◆ **Prompt**: From the line with "HAT PRINCE 2" to the final line of the data below, please write out every line exactly, with no pictures.

◆ **Supplied data**:
■ ■ ■ ■ ■

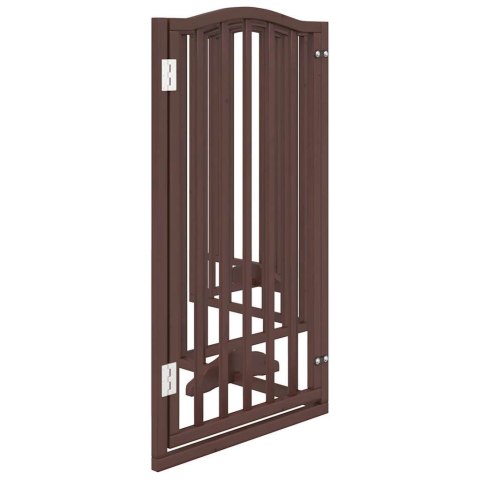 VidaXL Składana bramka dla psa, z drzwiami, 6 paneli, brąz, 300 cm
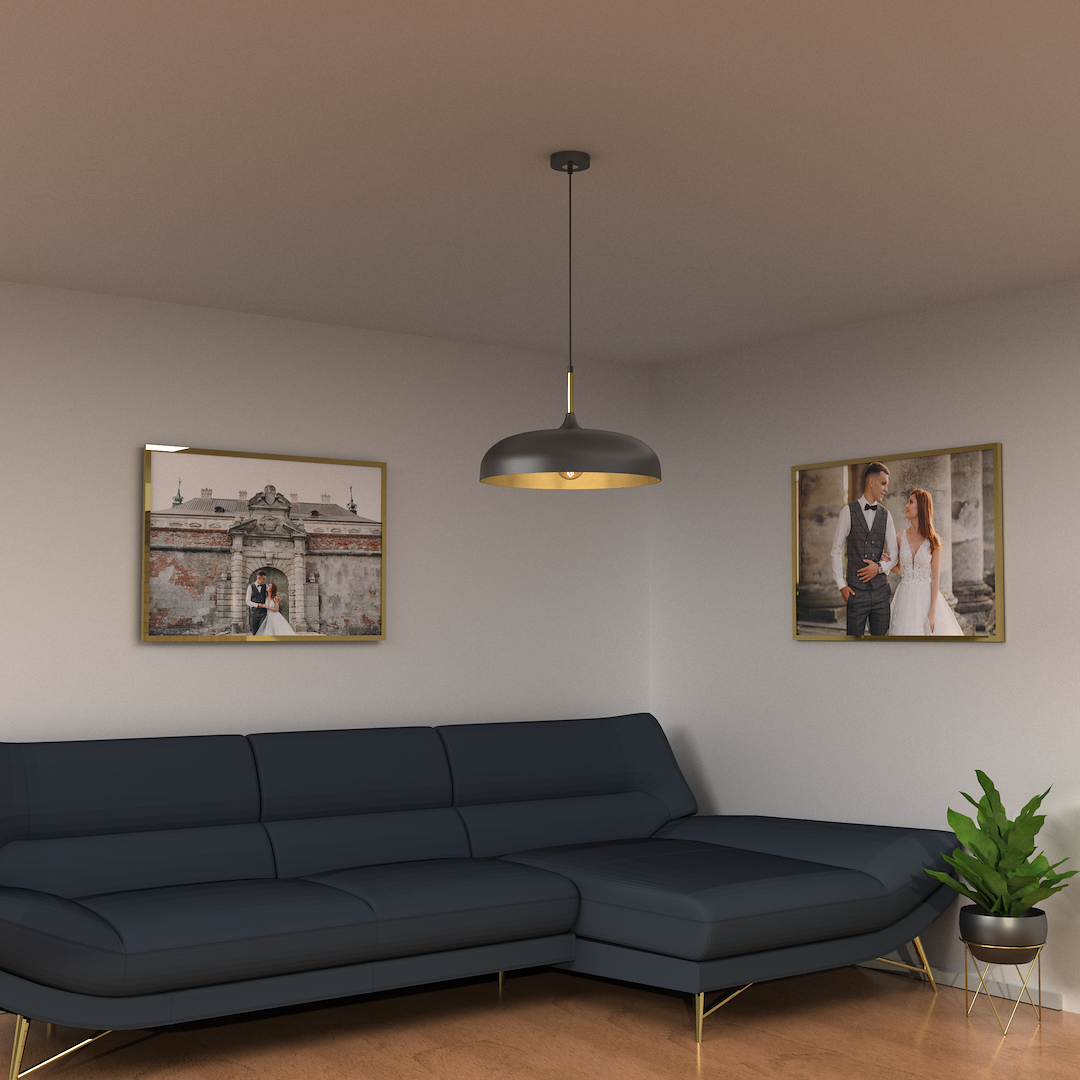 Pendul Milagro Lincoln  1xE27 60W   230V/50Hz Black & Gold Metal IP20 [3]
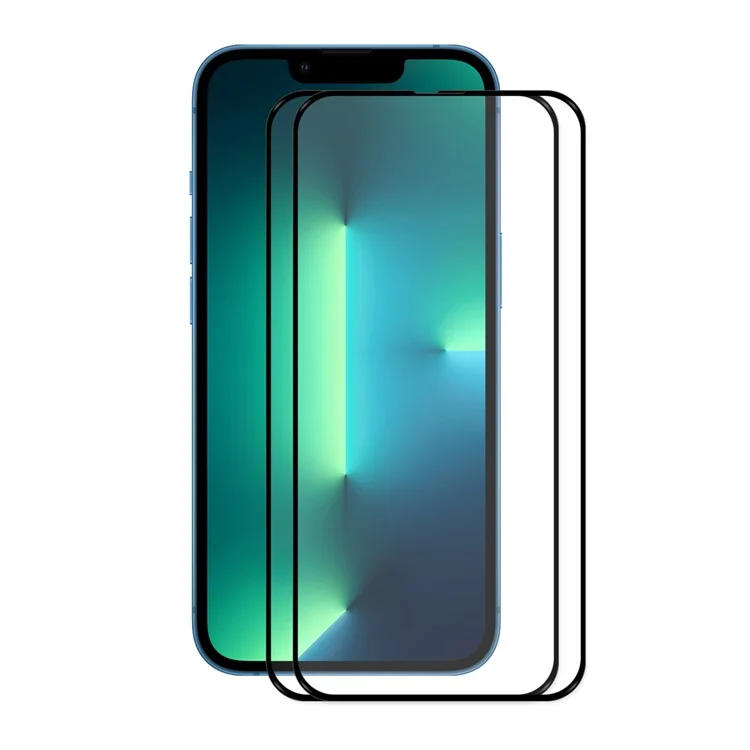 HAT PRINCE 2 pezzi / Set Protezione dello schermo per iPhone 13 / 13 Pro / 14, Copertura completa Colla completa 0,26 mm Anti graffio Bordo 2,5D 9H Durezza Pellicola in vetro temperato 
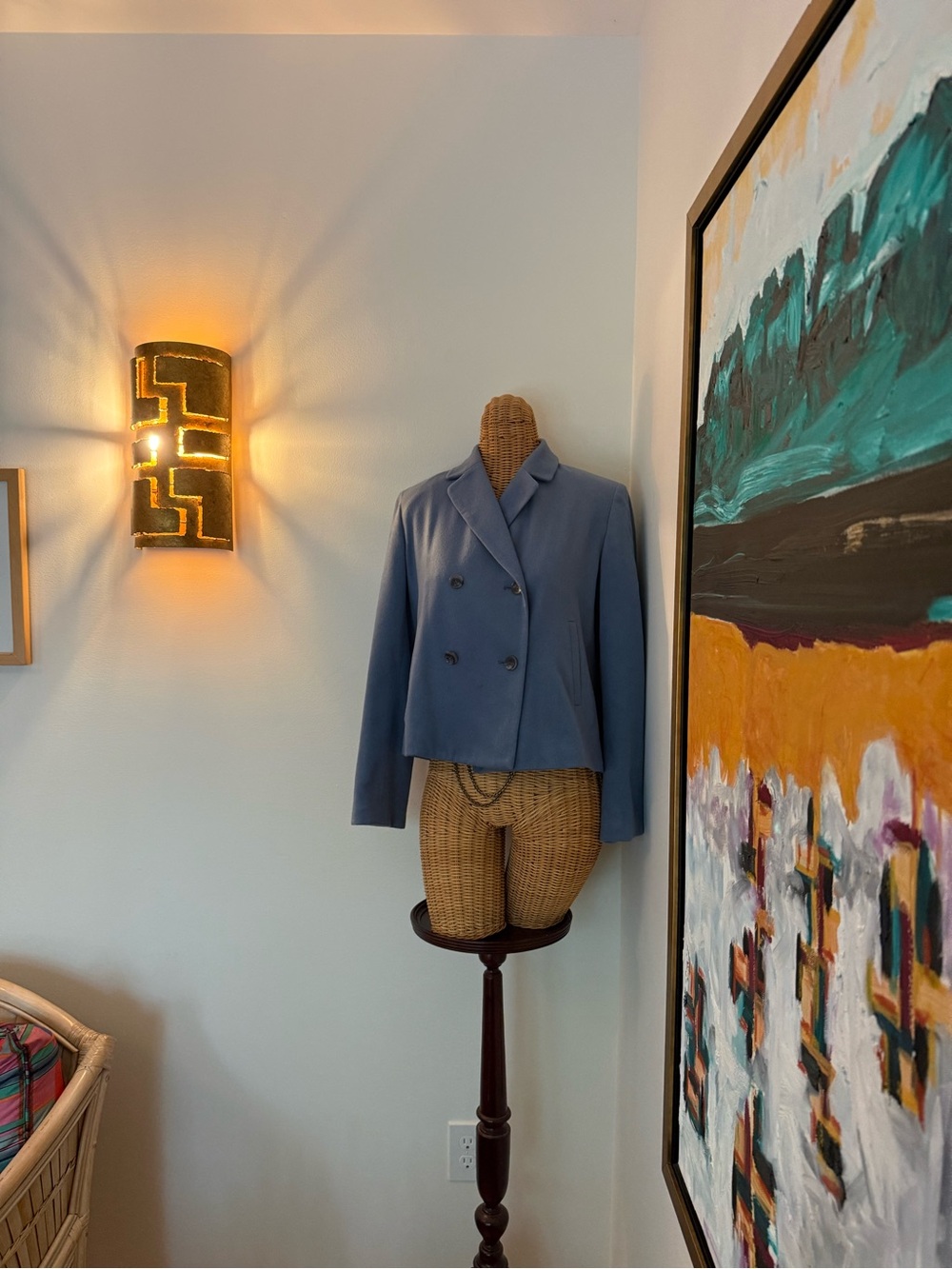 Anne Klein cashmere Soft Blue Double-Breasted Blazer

■ ■ ■ ■ ■

◆ **Answer below**:
 HAT PRINCE 2 pezzi / Set Protezione dello schermo per iPhone 13 / 13 Pro / 14, Copertura completa Colla completa 0,26 mm Anti graffio Bordo 2,5D 9H Durezza Pellicola in vetro temperato 
 Anne Klein cashmere Soft Blue Double-Breasted Blazer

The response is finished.